Clearly, it’s the Home Minister who is steering the electoral discourse on NRC — also with an eye on 2021 Assembly elections in West Bengal — reiterating his vow to implement NRC during the current term. In many election rallies in Haryana and Maharashtra, Shah’s refrain: by the time the BJP returns to seek votes in 2024, “we will see that the illegal immigrants are out of this country.” He urged the electorate to question the Congress and the NCP on why they were against the BJP government’s steps to keep illegal infiltrators out.
In contrast, Modi has made no references to NRC in his recent speeches. Even during his Lok Sabha campaign, he talked about the issue mostly when he was in the North-Eastern states.
For the record, the BJP’s manifesto for 2019 Lok Sabha elections promised it would complete the process of NRC in areas where illegal migration has affected people’s livelihood and employment and “implement NRC in a phased manner in other parts of the country.”
In Modi’s latest campaign push, an analysis of his speeches shows, “naamdar”, “rashtriya suraksha” and “rashtravad” still find prominent place. With Maharashtra BJP promising to work towards a Bharat Ratna for Vinayak Damodar Savarkar, “Savarkar” figured frequently in his speeches. He linked Savarkar and Article 370 by saying that those who were angry at his government nullifying Article 370 used to “abuse and denigrate Veer Savarkar” and are now denying him a Bharat Ratna.
Just as he did during the Lok Sabha campaign, in most of his rallies, the PM targeted the Congress but this time, he didn’t spare its ally Nationalist Congress Party (NCP) either. In Akola, he said “there used to be bomb blasts frequently” during the Congress-NCP rule. In an apparent reference to the probe against Praful Patel and his transactions related to the sister of late Iqbal Mirchi, Modi said the new developments indicated why the blast-accused had fled the country. If he slammed the Congress’s questions on the surgical strikes in the Lok Sabha campaign, this time Modi criticised them for questioning the relevance of raising Article 370.

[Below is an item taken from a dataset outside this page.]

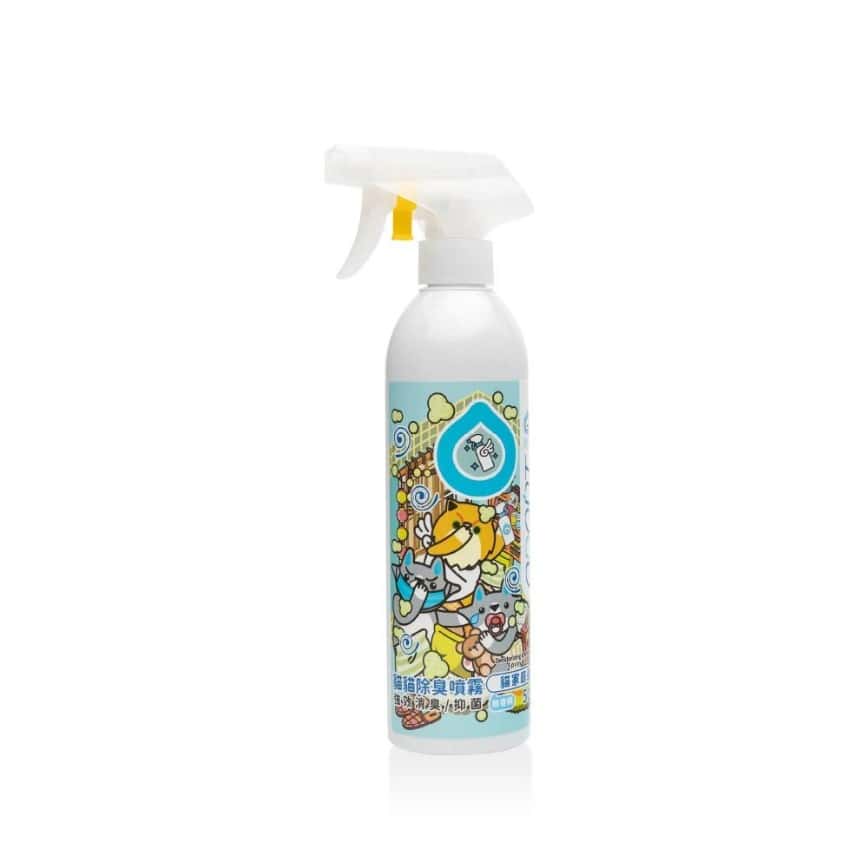 ODOUT臭味滾 除臭抑菌噴霧瓶 貓用 0.5L (91602193/91603857) (新包裝) (img2)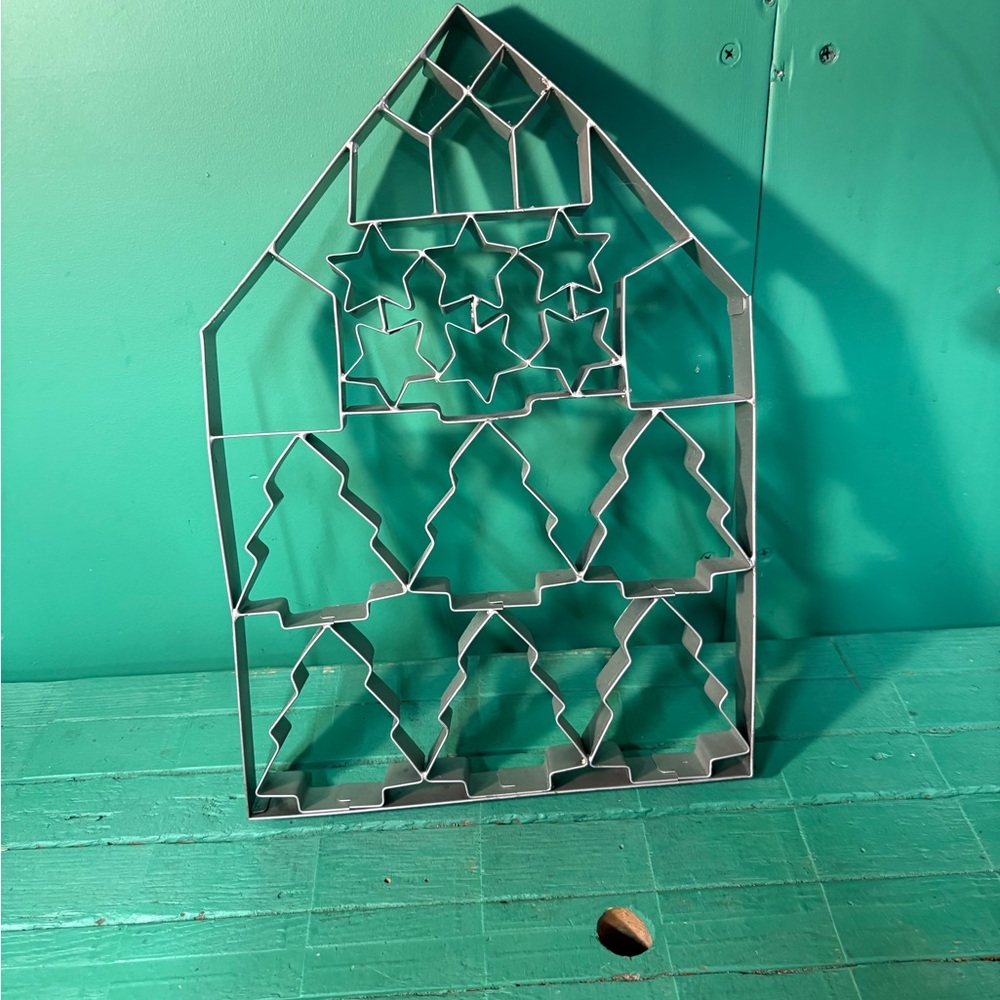 Silver Cookie Cutter Set for Holiday Baking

At public rallies both in Maharashtra and Haryana, the Prime Minister mentioned the move in J&K and reached out to the crowd: “Was it necessary? Did Modi do the right thing? Was it not for this (that) you put Modi in power?” In contrast, he told them, Opposition leaders were very unhappy. “Their faces have shrunk, they feel hurt, they are very upset. They ask how did Article 370 is an issue in Maharashtra? What does Maharashtra have to do with it?”
Regaining “India’s lost glory” was a promise that prominently figured in Modi’s Lok Sabha poll speeches. This time, too, his refrain was that the Congress is no longer a party of nationalists and patriots. “I am told Congress party has started giving special lessons on nationalism to its workers. I don’t know whether I should cry or laugh. It means that today’s Congress is no longer a party of patriots. Due to dynasticism, Congress is unable to see nationalism.”
His appreciation for Chief Minister Devendra Fadnavis was a key theme. In his speech in Panvel, Modi sought the re-election of Fadnavis: “Narendra-Devendra formula was a super hit in five years. Devendra and Narendra together is not 1+1=2, it is 1 and 1 which is 11. This strength of 11 will take Maharashtra to new heights.”
As in his Lok Sabha poll speeches, he referred to welfare schemes initiated by his government in its first term but for the state poll campaign, he added that the state government had supported and taken forward these programmes. His speeches, both in Maharashtra and Haryana, began with evoking local deities and heroes Raj Rajeswhar Bhawan in Akola, Jyotirao Phule and Chhatrapati Shivaji in other places. If the Congress’s failure to confer Bharat Ratna on B R Ambedkar was the issue frequently referred to in his earlier speeches, the recent ones slammed the party for not honouring Veer Savarkar and Chotu Ram, a prominent Jat leader.
While his speeches ahead of Lok Sabha elections highlighted action against “naamdar”, a reference to the Gandhi family, in his Assembly campaign speeches, Modi told the crowd “we have ensured that they reach the prison doors, we will put them in jail soon.”